On peut voir dans le quartier quelques réalisations d’architectes éminents :
– Le Corbusier a construit en 1926 une annexe de l’Armée du salut rue des Cordelières, 29 rue des Cordelières.
– Les frères Perret ont édifié le Mobilier National en 1934-1936 au 1, rue Berbier-du-Metz.
– Jean-Charles Moreux a aménagé le square Le Gall en 1938 sur l‘ancien jardin des Gobelins et a confié à Maurice Garnier des sculptures en rocaille.

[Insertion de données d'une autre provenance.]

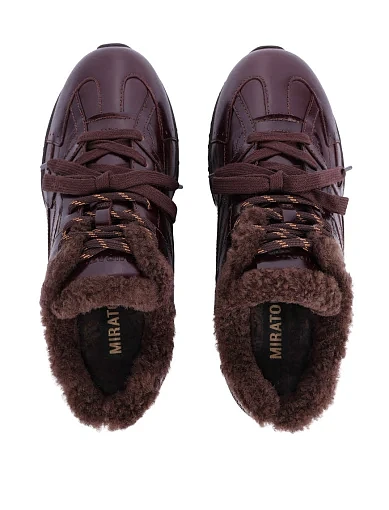 Жіночі кросівки MIRATON шкіряні бордові - фото 3 - Miraton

– Adrien Brelet a été chargé en 1955du plan d’aménagement du quartier Croulebarbe. Son 2e projet prévoit une importante innovation : la construction de trois tours.
– Adien Brelet et André Le Donné ont construit de 1954 à 1957 un groupe d’immeubles HLM entre la rue Croulebarbe et le boulevard Blanqui
– Édouard Albert a édifié en 1960, au 31 de la rue Croulebarbe, la première tour de Paris, « la Tour n°1 ». La tour Albert est la première de l’ensemble de trois prévu par le plan Brelet. Les deux autres tours sont situées au 42-52 rue Corvisart(1961) et entre la rue Émile-Deslandres et le boulevard Arago (1969).
À lire :
– Gaston Digard, Le quartier Croulebarbe, éd. Municipales, 1995, 71 p.
– , Simon Texier Le 13ème arrondissement : Itinéraires d’histoire et d’architecture, Paris, Action artistique de la ville de Paris, 2000, 143 p.
– Renaud Gagneux, Jean Anckaert, Gérard Conte, Sur les traces de la Bièvre parisienne : promenades au fil d’une rivière disparue, Paris, Parigramme, 2004, 156 p.